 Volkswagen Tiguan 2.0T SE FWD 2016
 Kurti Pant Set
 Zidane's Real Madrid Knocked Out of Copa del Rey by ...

########################################

Exactly and only the lines from the one containing "Kurti Pant Set" through the end of the material are to be reproduced, both ends included.

## REPLY TO THE TASK:
 Kurti Pant Set
 Zidane's Real Madrid Knocked Out of Copa del Rey by ...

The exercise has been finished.